══ Data extract ══
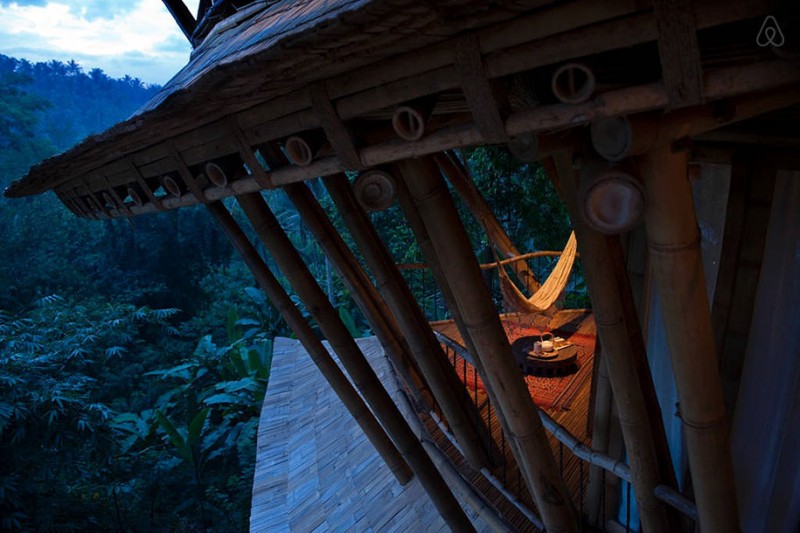 beautiful-Sustainable-house-bamboo-structures (3)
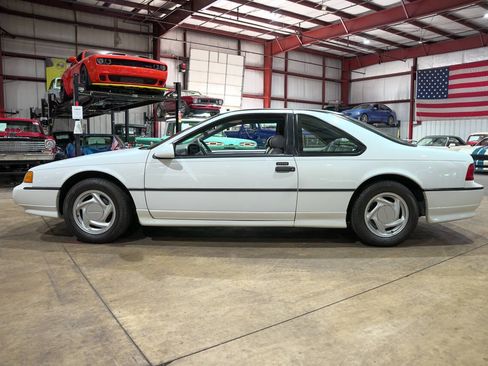 Used 1993 Ford Thunderbird Super RWD image 4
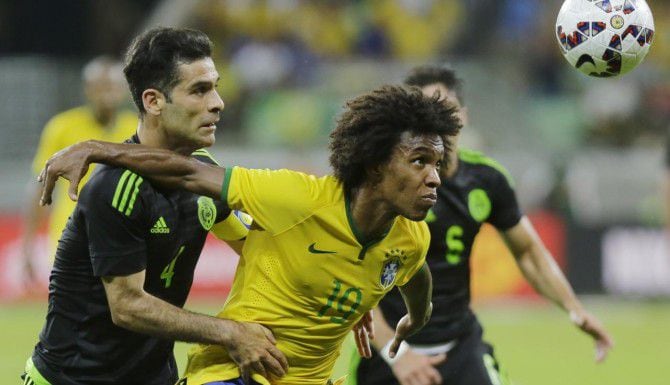 Rafael Márquez (izq.) y la selección mexicana enfrentan a su similiar de Bolivia el viernes....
═══
Your goal: Omit the pictures, then quote the rest of the material above exactly.

Reply:
 beautiful-Sustainable-house-bamboo-structures (3)
 Used 1993 Ford Thunderbird Super RWD image 4
 Rafael Márquez (izq.) y la selección mexicana enfrentan a su similiar de Bolivia el viernes....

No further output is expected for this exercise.